The sampling, from almost a mile beneath the ocean surface, has yielded new and important knowledge about the environmental impact of escaping oil and gas deep in the ocean. As a result, scientists will be better able to estimate the effects of future spills on sea life.

"The research is unprecedented," said marine chemist Christopher Reddy. "It tells you what chemicals are in the oil plume and explains why. It adds to general knowledge of the area where environmental chemistry meets oceanography."

Reddy, a senior scientist at of the Woods Hole Oceanographic Institution on Cape Cod, Massachusetts, heads a scientific team that reports on the project in today's issue of the Proceedings of the National Academy of Sciences.

The research showed that chemicals in a deep underwater spill behave quite differently from those in a surface spill.

For example, methane, benzene, naphthalene, and other "lightweight hydrocarbons" would evaporate into the atmosphere at sea level. But at the extreme depth and high pressure of the water around the spill, they either dissolved or formed new compounds with water molecules in the plume from the wellhead.

And depending on its composition, the complex mixture spewing from the well can rise, sink, or stay suspended in the water – and possibly damage sea life far from the original spill.

Those insights came from computer modeling of the samples by J. Samuel Arey, an environmental chemist at Switzerland's Ecole Polytechnique Federale de Lausanne.

"Modeling the environmental fate of hydrocarbons in deep water ecosystems required a new approach, with a global view, in order to correctly understand the impact of the pollution," Arey said.

"It underscores that every chemical in the oil has a different personality," Reddy added. "Like chemical sociologists, we saw how the parts go into the plume."

Reddy set up the project at short notice while working on a different research study in the Gulf of Mexico.

"We submitted a proposal to the National Science Foundation in the last couple of days in May and we were sailing on June 17," he recalled.

The Foundation, a government agency that funds scientific research, usually takes months to approve new projects.

On June 20, 2010, exactly two months after the explosion, Reddy and his colleagues boarded the Ocean Intervention III, a ship leased by BP with an ROV -- a remotely operated vehicle. Equipped with high-definition video cameras and other sophisticated equipment, an ROV can dive far below the ocean's surface. Controlled by a pilot on the mother ship, it allows people at the surface to view events in the deep ocean.
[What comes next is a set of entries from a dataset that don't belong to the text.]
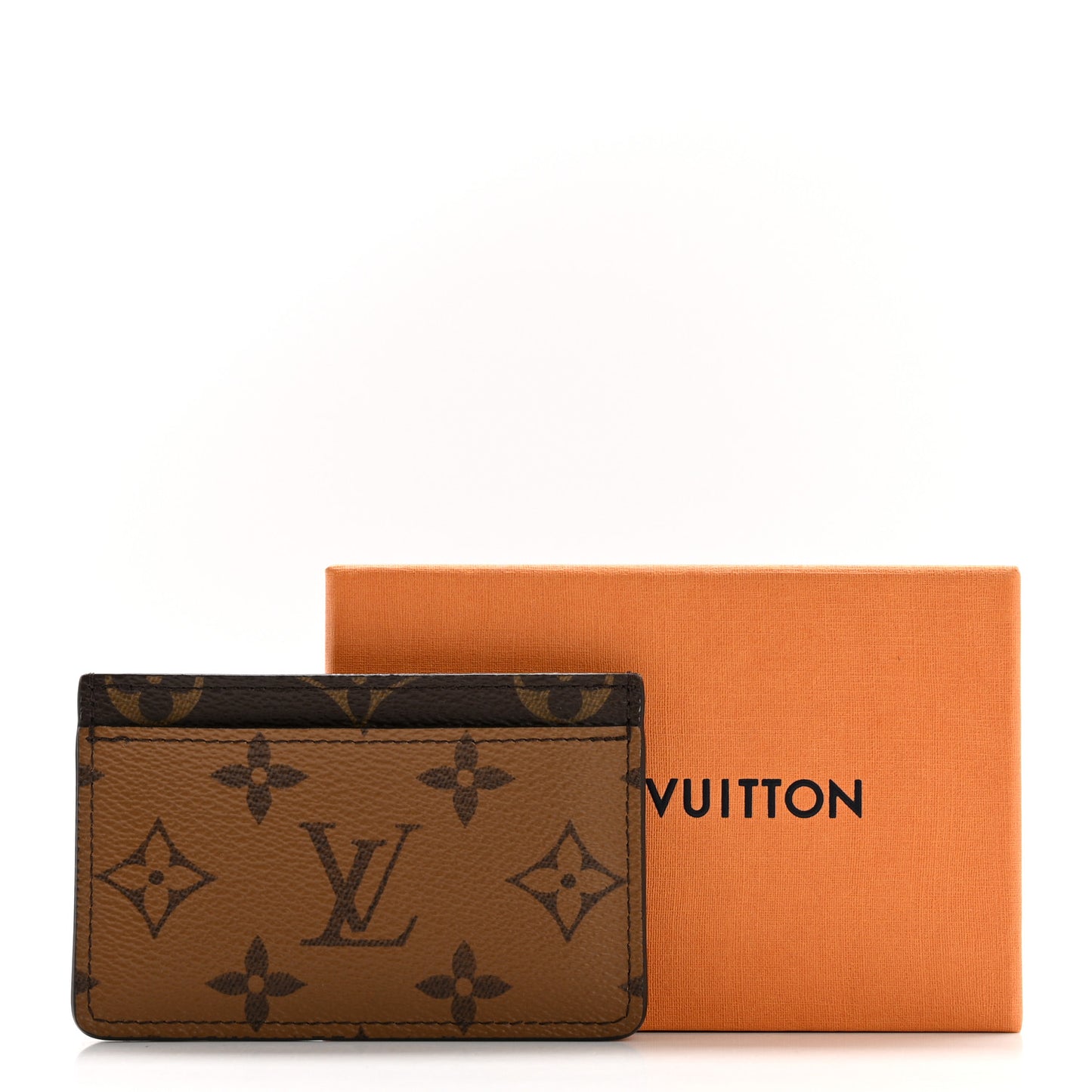 Reverse Monogram Card Holder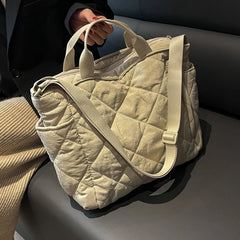 Winter Women's High Capacity Shoulder Bag - Big Tote for Shopping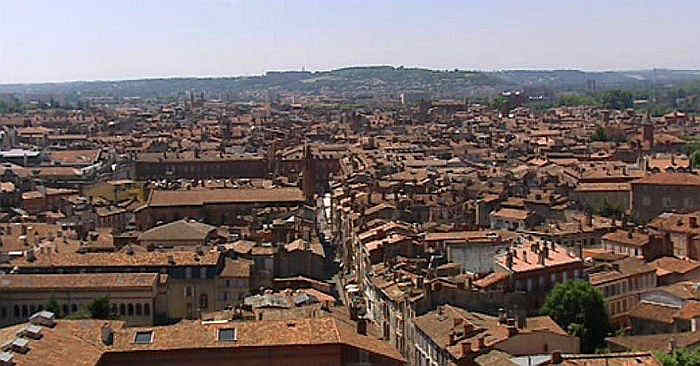 Vue de Toulouse depuis le clocher de St-Sernin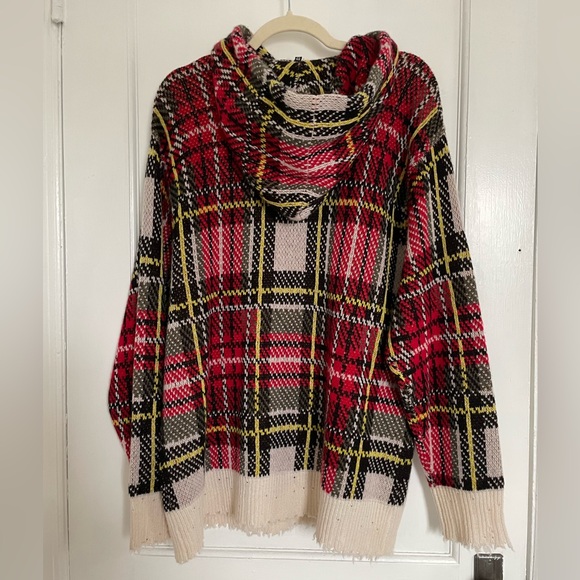NWT R13 Oversized Distressed Cashmere Tartan Sweater worn by Taylor Swift - Picture 6 of 9
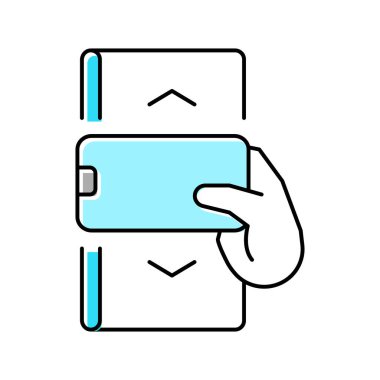 svg İnternet kaydırma renk vektör illüstrasyonu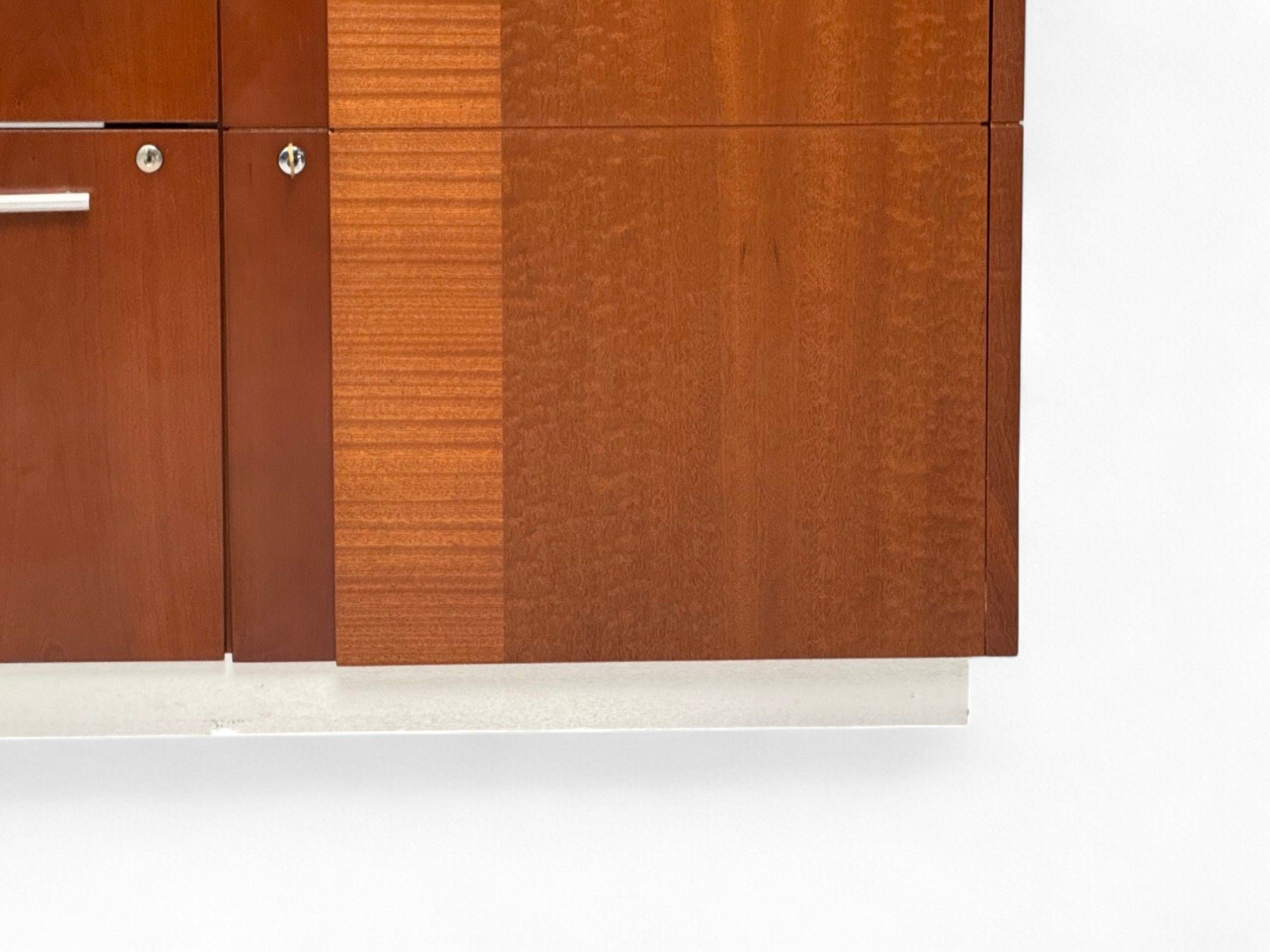 Steelcase, Cherrywood, Steel, Sideboard, USA, 2000s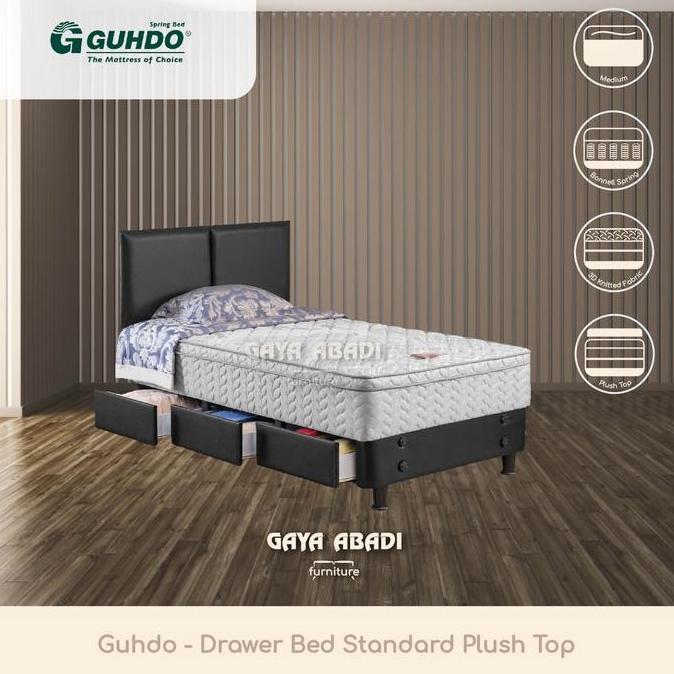 Springbed Guhdo Drawer Bed Standard Plush Top/ Kasur Guhdo Drawer Bed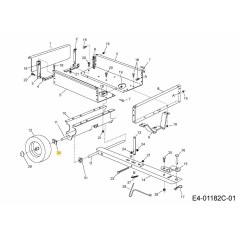 ACHSE CLIP AF-25910 ORIGINAL MTD | NewgardenParts.com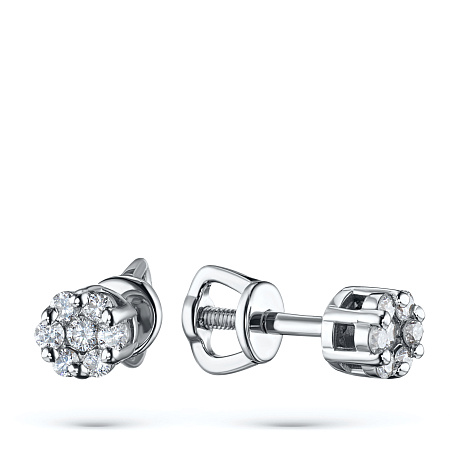 Пусеты из белого золота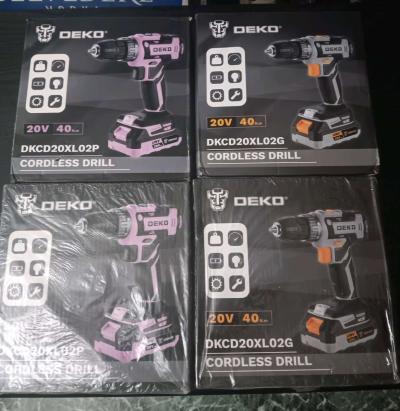 20V DEKO CORDLESS DRILL SET - Thumbnail 2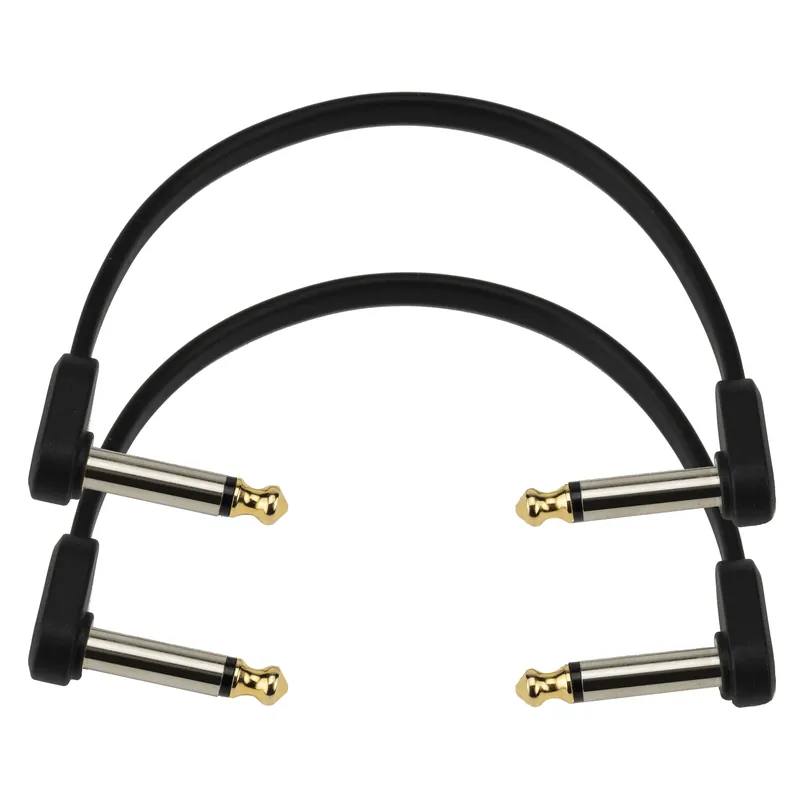 Cavo D’Addario con jack piatti per pedaliera, 15 cm, angolare, confezione doppia – D’Addario Accessories Promo Stagionale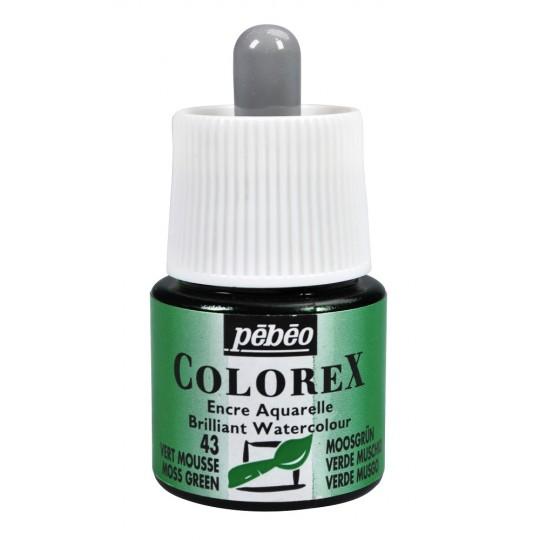 Vert mousse - Encre aquarelle Colorex 45ml Pébéo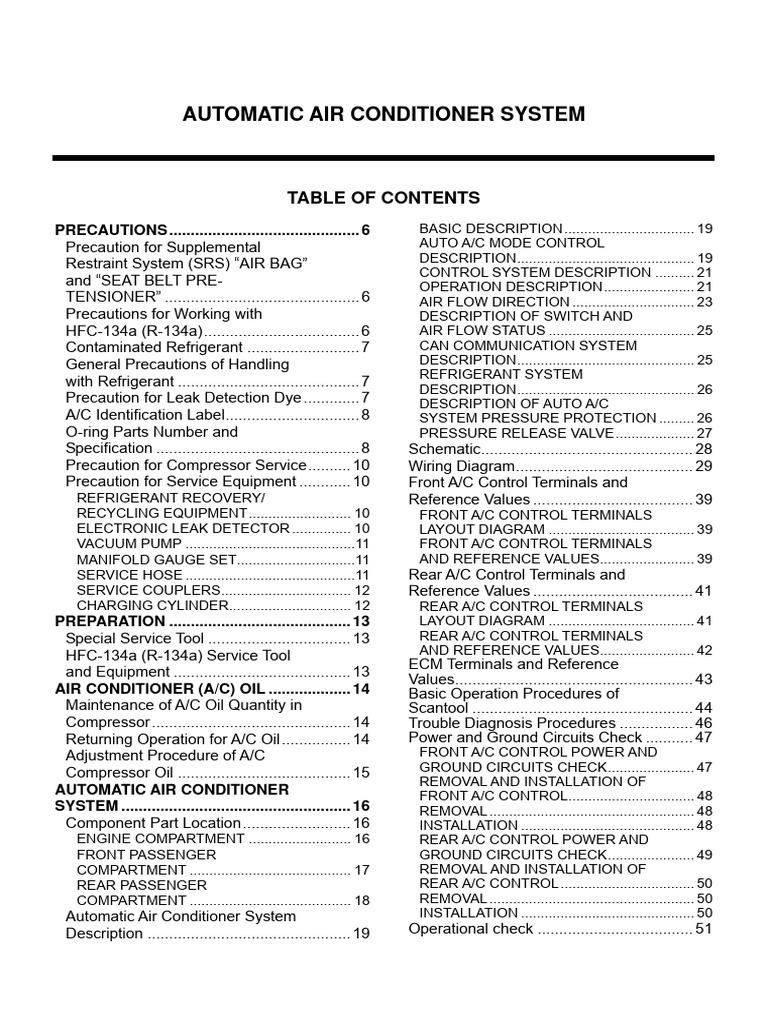 Suv Atc PDF Air Conditioning Valve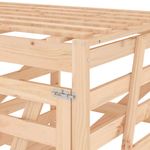 Casa si Gradina - Gradina si terasa - Mobilier exterior - Dulapuri si lazi depozitare exterior - Magazie tripla depozitare cos de gunoi, lemn masiv de pin - Infinity.ro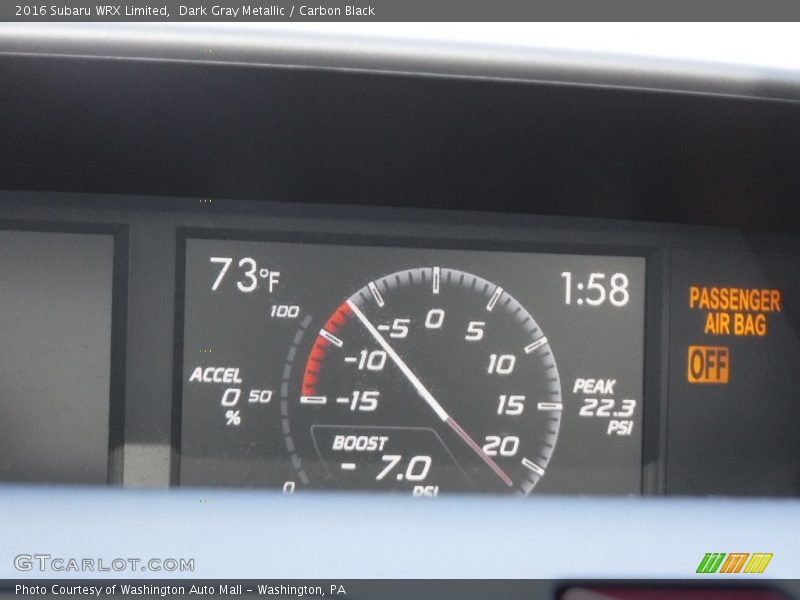 Dark Gray Metallic / Carbon Black 2016 Subaru WRX Limited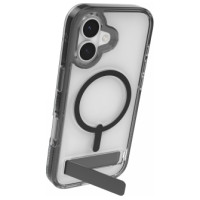 Zagg Santa Cruz Snap KS MagSafe Case with Stand for iPhone 17 - Clear and Black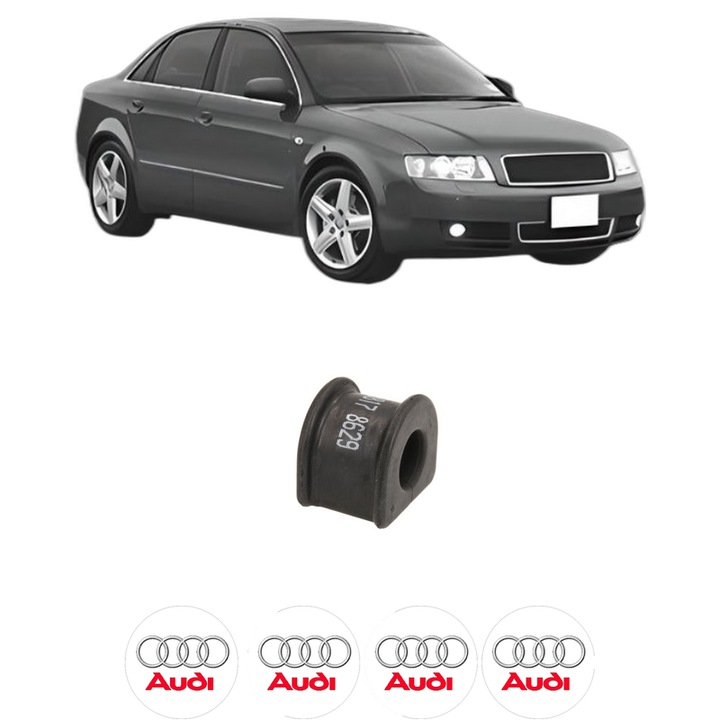 Bucsa bara stabilizatoare Spate Dreapta Stanga AUDI A4 B6 (8E2) din 2000-2004, Auto, Febi, 4x Stickere auto cu AUDI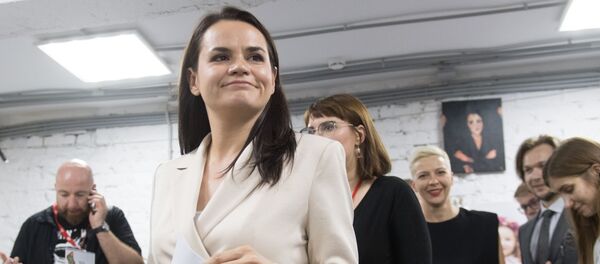 Светлана Тихановская на пресс-конференции в Минске - Sputnik Узбекистан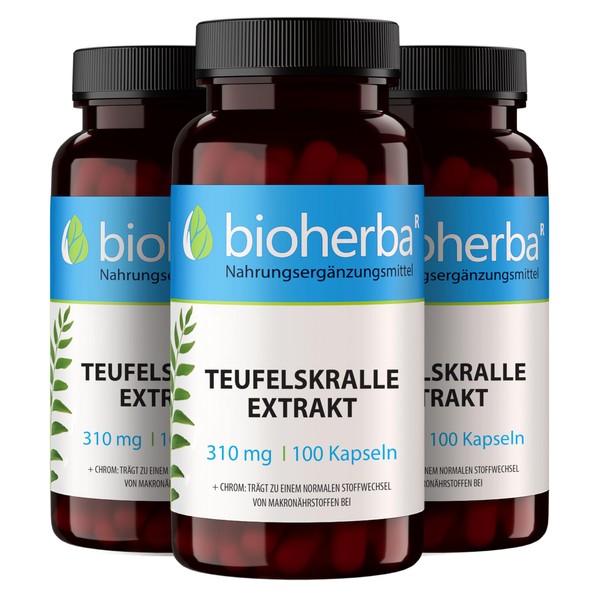 BIOHERBA Teufelskralle Kapseln C 300 Stck mit Harpagophytum & Chrom
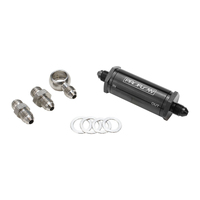 Proflow Turbo Oil Feed Line Kit Stainless Braided Hose 30 Micron Filter For Ford Falcon Barra FG/FGX XR6 Turbo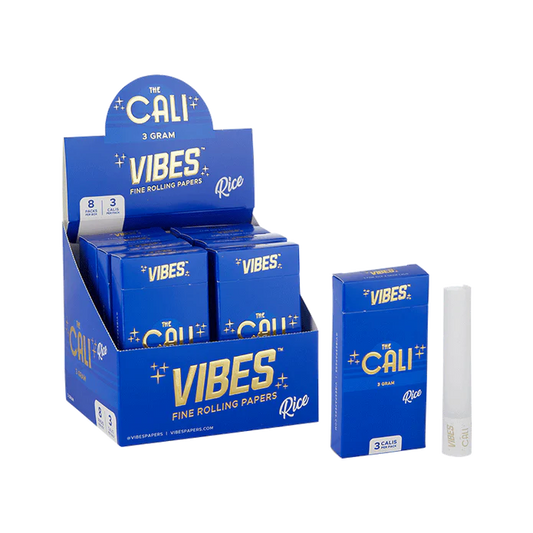 VIBES THE CALI 3 GRAM RICE 3 CALIS PER PACK - 8 PACKS PER BOX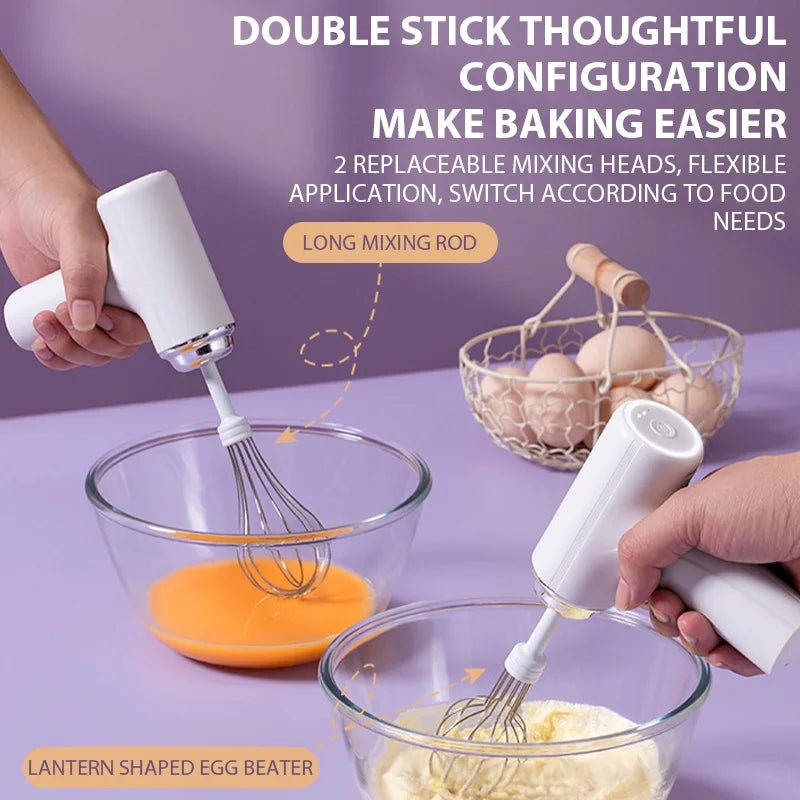 Batteur Électrique Rechargeable Sans Fil - Fouet À Main 3 Vitesses pour Pâtisserie, Crème et Gâteaux - Cuisine Chez Nadine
Reddy's team equipped an ROV with a high-tech chemical sampler and sent it down to the oil leak.

"We were sitting with a little laptop watching it and told the pilot to keep moving the sampler to where the temperature of the oil and gas was hottest," Reddy recalled. "We put the sampler right in the throat of the oil coming out of the pipe and collected samples of oil and gas at 105 degrees Celsius." That compares with the 4.5-degree temperature of the water beyond the plume.

On board, the team felt an air of anticipation. "There were flames, heat, and the smell of oil," Reddy recalled. "It was a pretty exciting night."

Reddy praised the skill of the ROV pilots. "These guys are real pros," he said. "They're underwater mechanics who work for the oil industry. But they had never worked on a scientific project.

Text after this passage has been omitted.